### EXERCISE AIM
The answer must consist solely of the lines from the one with "Foto del edificio - 6700 Indian Creek Dr" through the last line of the data, copied exactly, with no pictures.

(Beginning of GIVEN DATA)

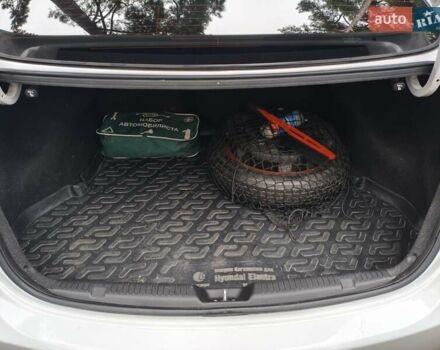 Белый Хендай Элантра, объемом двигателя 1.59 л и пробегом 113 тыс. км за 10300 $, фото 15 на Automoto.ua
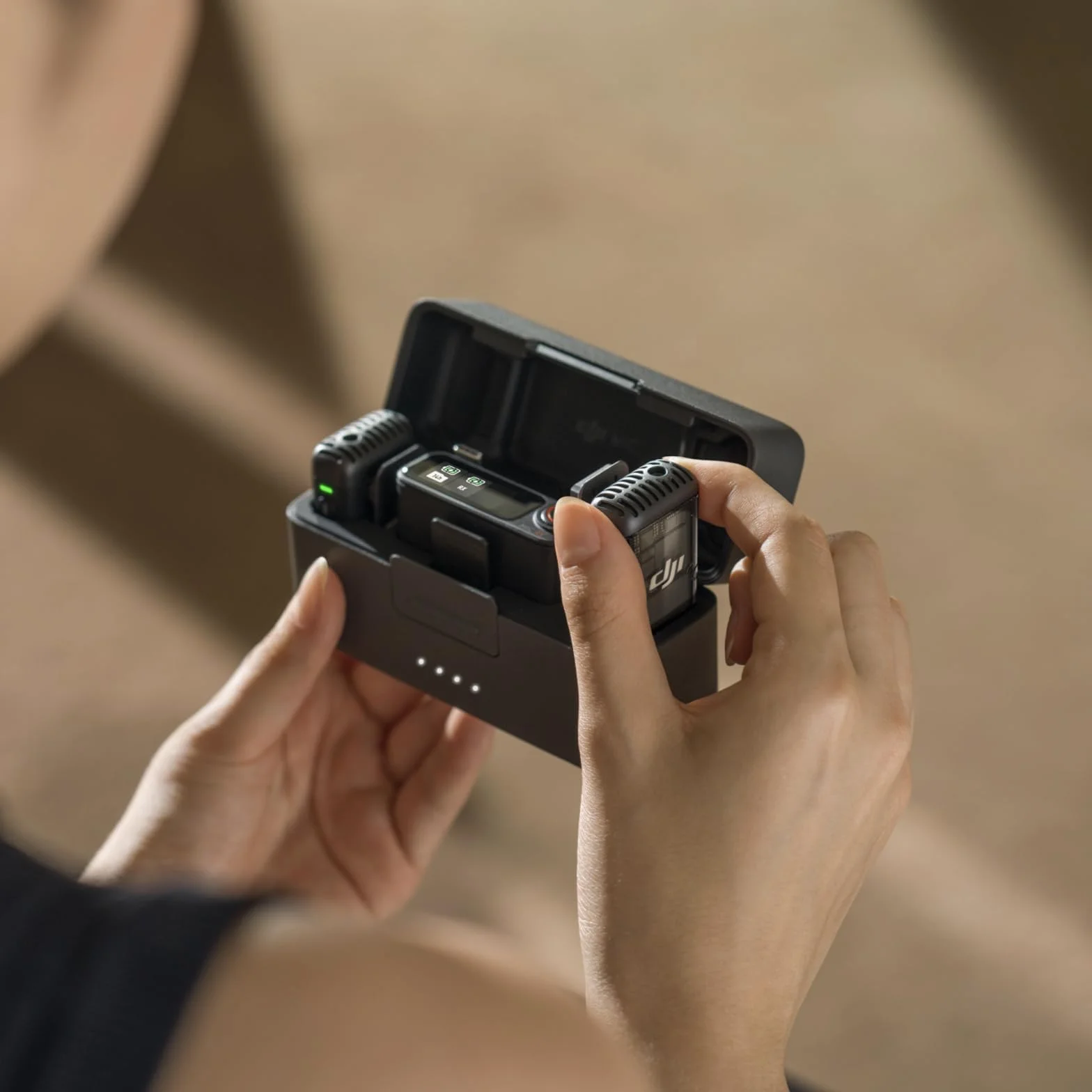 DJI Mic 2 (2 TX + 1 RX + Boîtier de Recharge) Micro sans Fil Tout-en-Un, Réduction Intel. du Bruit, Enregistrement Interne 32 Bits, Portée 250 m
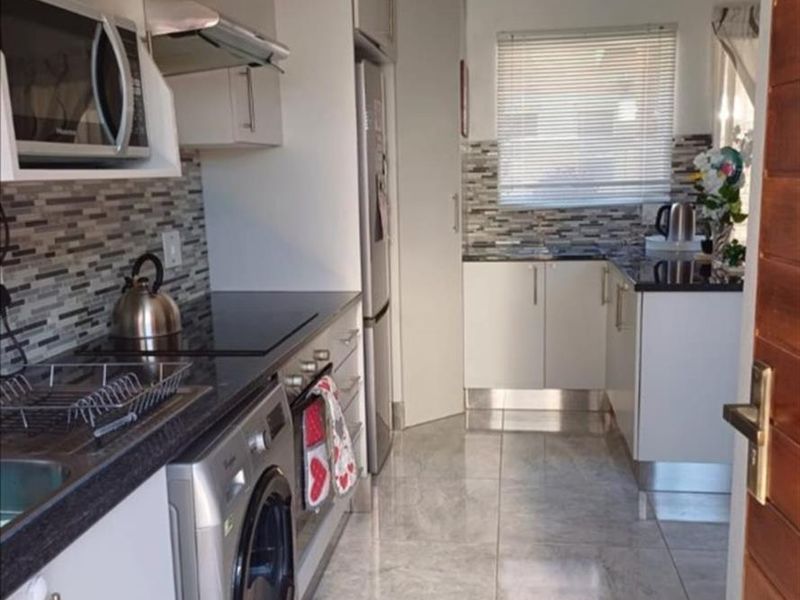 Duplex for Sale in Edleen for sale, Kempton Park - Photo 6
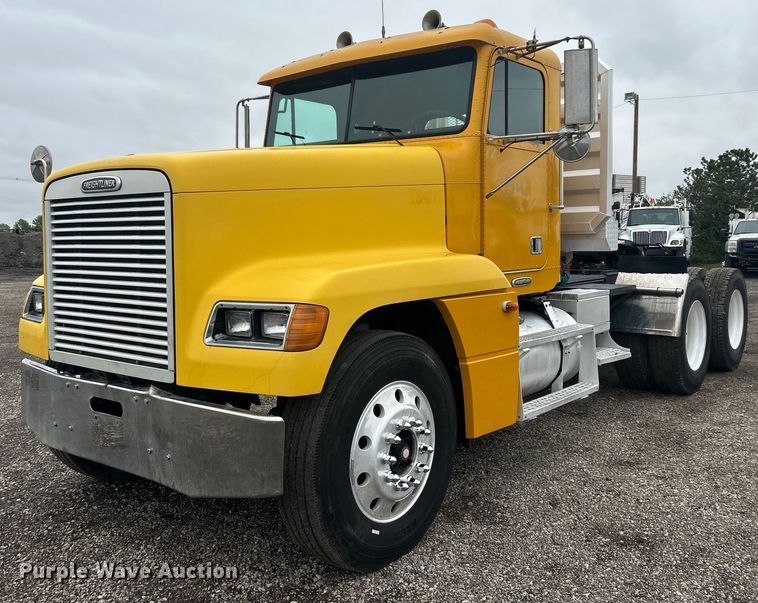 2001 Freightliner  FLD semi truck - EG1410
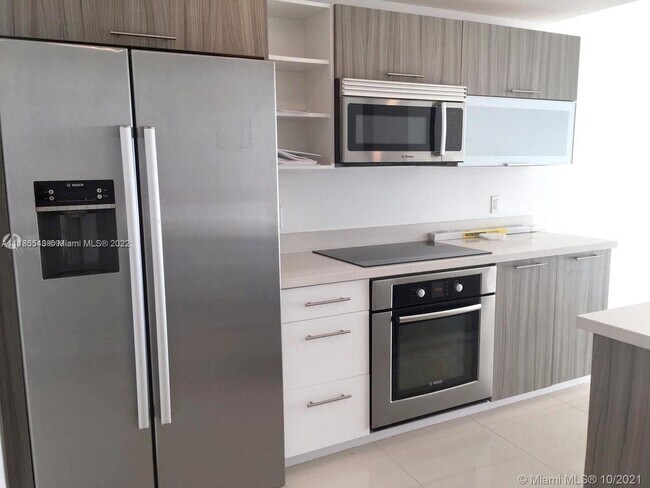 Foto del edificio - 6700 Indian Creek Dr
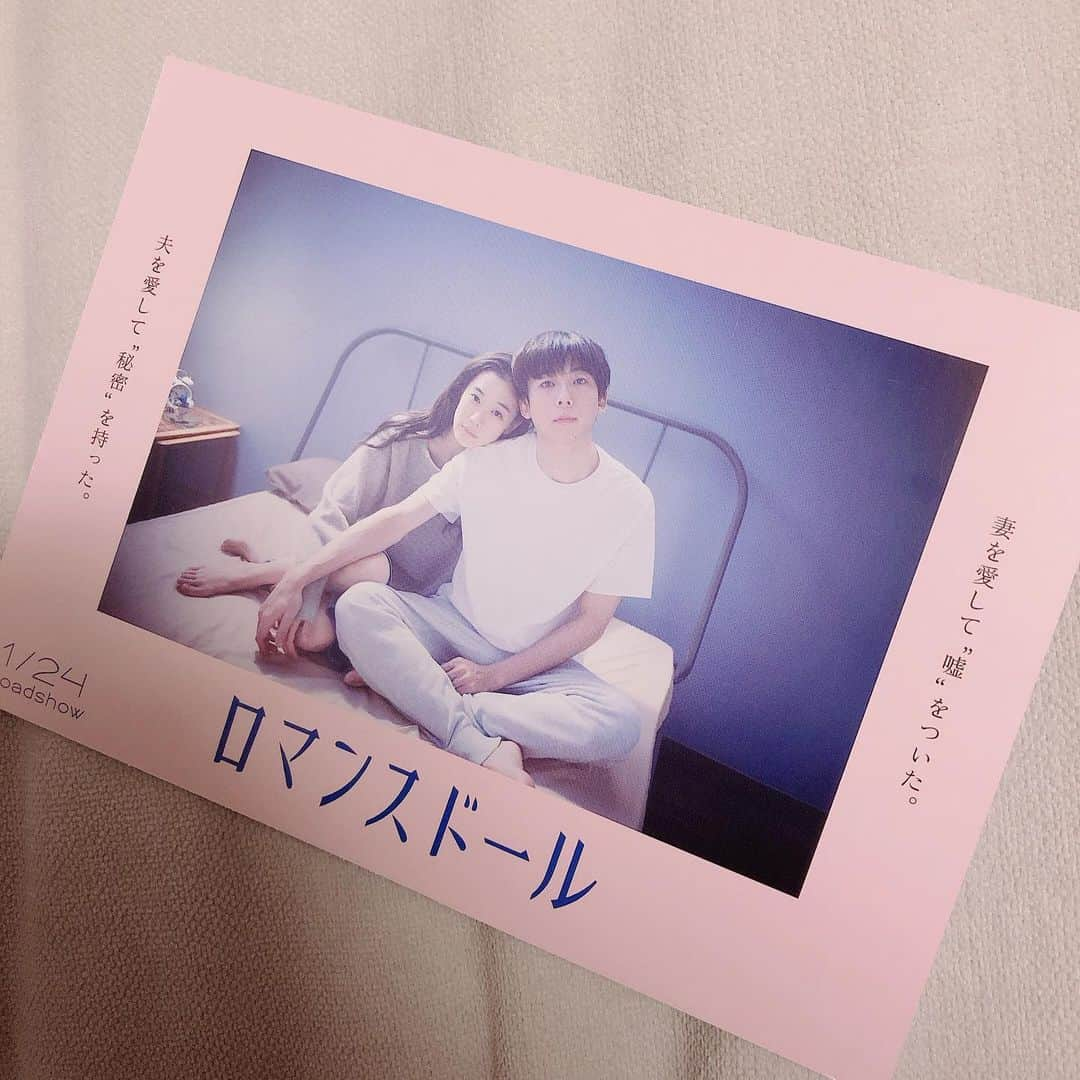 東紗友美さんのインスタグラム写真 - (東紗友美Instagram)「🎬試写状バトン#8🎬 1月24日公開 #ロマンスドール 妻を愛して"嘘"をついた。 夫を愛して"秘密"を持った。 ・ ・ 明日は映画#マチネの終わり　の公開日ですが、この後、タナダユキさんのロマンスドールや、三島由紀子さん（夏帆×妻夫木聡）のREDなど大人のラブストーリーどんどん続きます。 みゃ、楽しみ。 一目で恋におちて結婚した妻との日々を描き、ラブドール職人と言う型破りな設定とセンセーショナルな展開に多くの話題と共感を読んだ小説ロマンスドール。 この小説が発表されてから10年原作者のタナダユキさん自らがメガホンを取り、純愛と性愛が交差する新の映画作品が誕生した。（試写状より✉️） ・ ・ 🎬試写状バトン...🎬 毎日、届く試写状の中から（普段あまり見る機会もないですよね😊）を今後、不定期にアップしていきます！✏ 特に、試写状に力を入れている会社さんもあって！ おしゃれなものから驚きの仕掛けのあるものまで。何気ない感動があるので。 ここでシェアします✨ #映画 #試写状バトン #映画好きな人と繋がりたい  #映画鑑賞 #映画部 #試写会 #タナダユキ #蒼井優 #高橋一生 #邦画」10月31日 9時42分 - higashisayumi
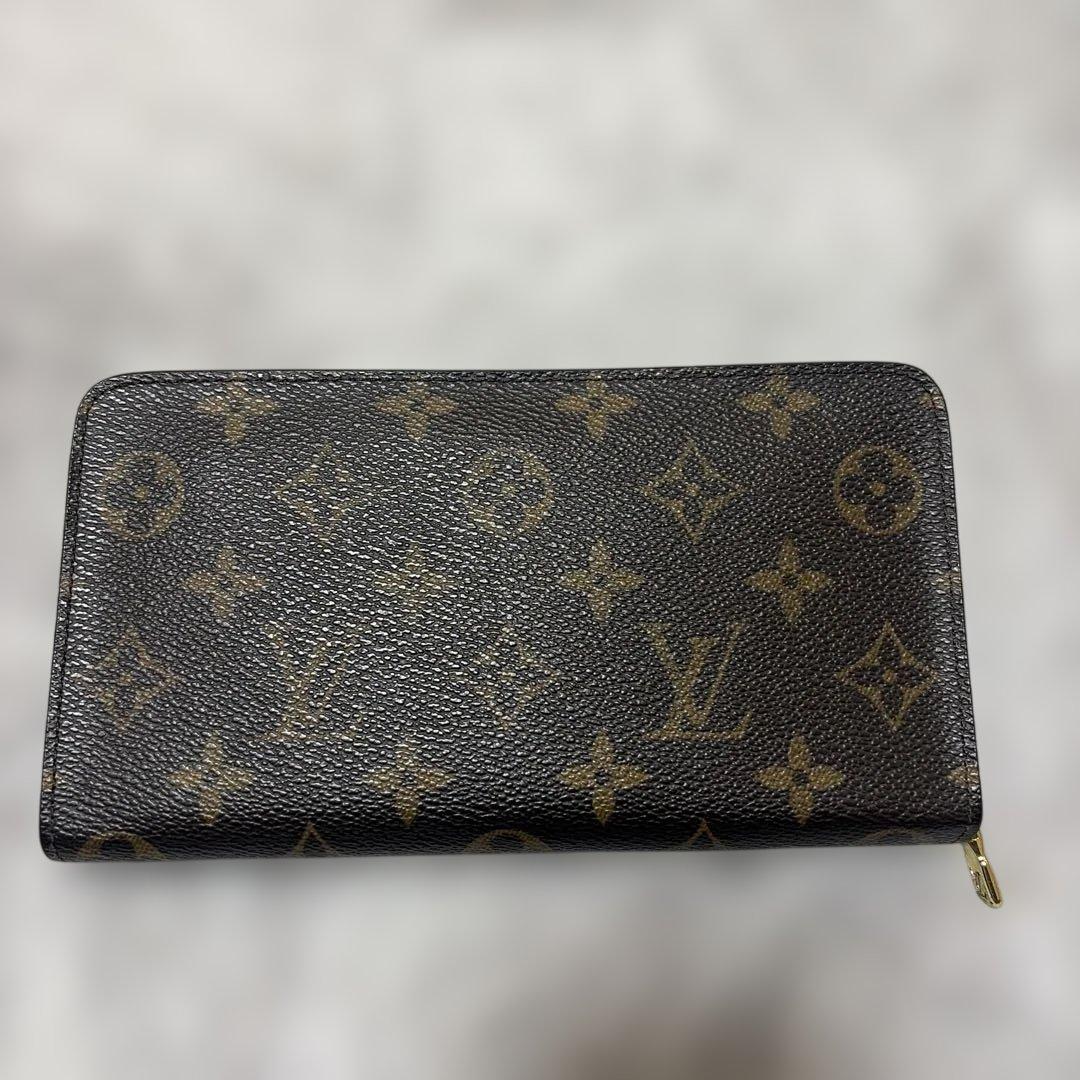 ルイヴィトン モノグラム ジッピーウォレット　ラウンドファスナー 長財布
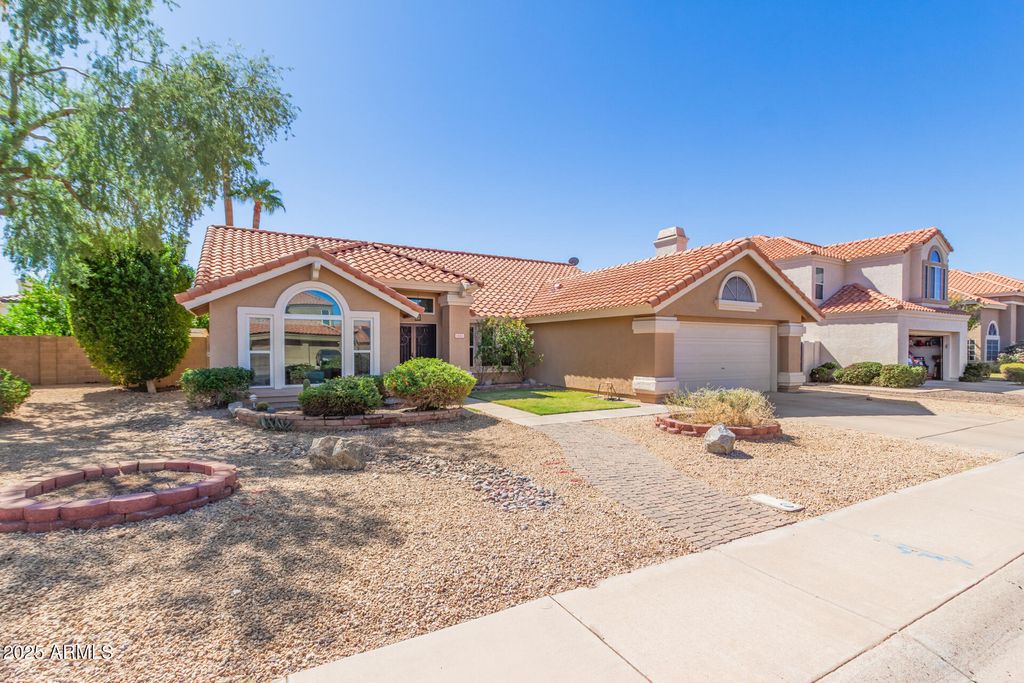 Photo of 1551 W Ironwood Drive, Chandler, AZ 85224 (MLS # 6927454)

(End of GIVEN DATA)

### COMPLETED EXERCISE
 Foto del edificio - 6700 Indian Creek Dr
 東紗友美さんのインスタグラム写真 - (東紗友美Instagram)「🎬試写状バトン#8🎬 1月24日公開 #ロマンスドール 妻を愛して"嘘"をついた。 夫を愛して"秘密"を持った。 ・ ・ 明日は映画#マチネの終わり　の公開日ですが、この後、タナダユキさんのロマンスドールや、三島由紀子さん（夏帆×妻夫木聡）のREDなど大人のラブストーリーどんどん続きます。 みゃ、楽しみ。 一目で恋におちて結婚した妻との日々を描き、ラブドール職人と言う型破りな設定とセンセーショナルな展開に多くの話題と共感を読んだ小説ロマンスドール。 この小説が発表されてから10年原作者のタナダユキさん自らがメガホンを取り、純愛と性愛が交差する新の映画作品が誕生した。（試写状より✉️） ・ ・ 🎬試写状バトン...🎬 毎日、届く試写状の中から（普段あまり見る機会もないですよね😊）を今後、不定期にアップしていきます！✏ 特に、試写状に力を入れている会社さんもあって！ おしゃれなものから驚きの仕掛けのあるものまで。何気ない感動があるので。 ここでシェアします✨ #映画 #試写状バトン #映画好きな人と繋がりたい  #映画鑑賞 #映画部 #試写会 #タナダユキ #蒼井優 #高橋一生 #邦画」10月31日 9時42分 - higashisayumi
 ルイヴィトン モノグラム ジッピーウォレット　ラウンドファスナー 長財布
 Photo of 1551 W Ironwood Drive, Chandler, AZ 85224 (MLS # 6927454)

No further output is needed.